A Place in Time spotlights a significant cultural resource - a district, site, building, structure or object - entered in the National Register of Historic Places.
Charles Carroll Public School. Photo by Robert Powers

Charles Carroll Public School. Photo by Robert Powers

By the late 1960s the Philadelphia public school system was faced with a crisis. The urban population, after years of growth and expansion to the city’s outskirts and beyond, was now in decline. At the same time racial tensions became prevalent as the urban population became more integrated. Many Philadelphia public schools, especially those found in integrating or depressed neighborhoods, had been built in the late 19th and early 20th centuries. These schools were rapidly deteriorating because of a mounting maintenance backlog and shrinking enrollment.

The School District of Philadelphia (SDP) had spent several decades responding to post-World War II population growth and expansion by building new schools. In the decades leading up to the 1960s, SDP constructed 50 new school buildings, but these often tended to be in newly developing neighborhoods at the city’s edges, often heavily white. This led many to question what appeared to be SDP’s neglect of older schools in integrating neighborhoods in favor of new schools elsewhere.

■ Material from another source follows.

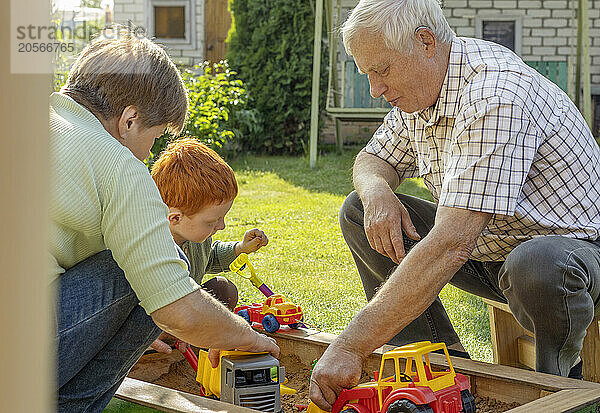 Grandfather and grandmother playing with grandson in back yard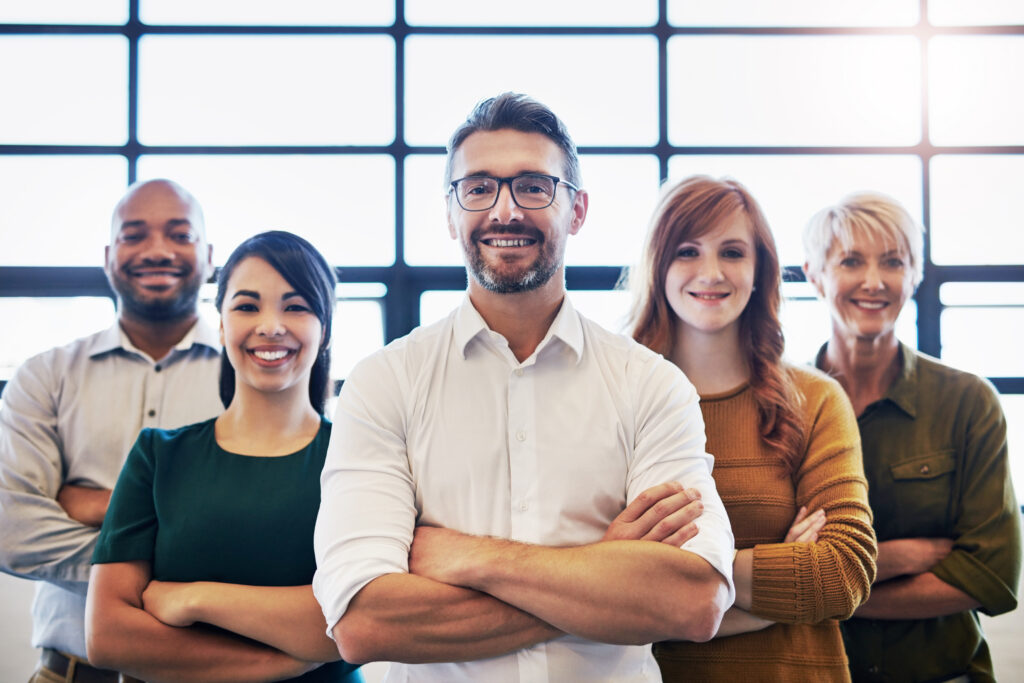 Confident group of professionals standing together, representing strong team leadership and unity in the workplace.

In the Port Richmond neighborhood, the 1923 Charles Carroll Public School had been designed by school district architect Irwin T. Catharine to reflect modern school design standards of the Progressive Era, with defined educational use spaces and bright airy windows. The school served the largely white student population from the surrounding industrial neighborhood. By the 1960s, the neighborhood demographics had shifted to become predominantly African American, and many of the local jobs and businesses began to move or close. Carroll was slated for abandonment, a victim of low enrollment and budget shortfalls; however, concern was raised by city civil rights voices regarding access to education as schools moved farther away toward the white suburbs.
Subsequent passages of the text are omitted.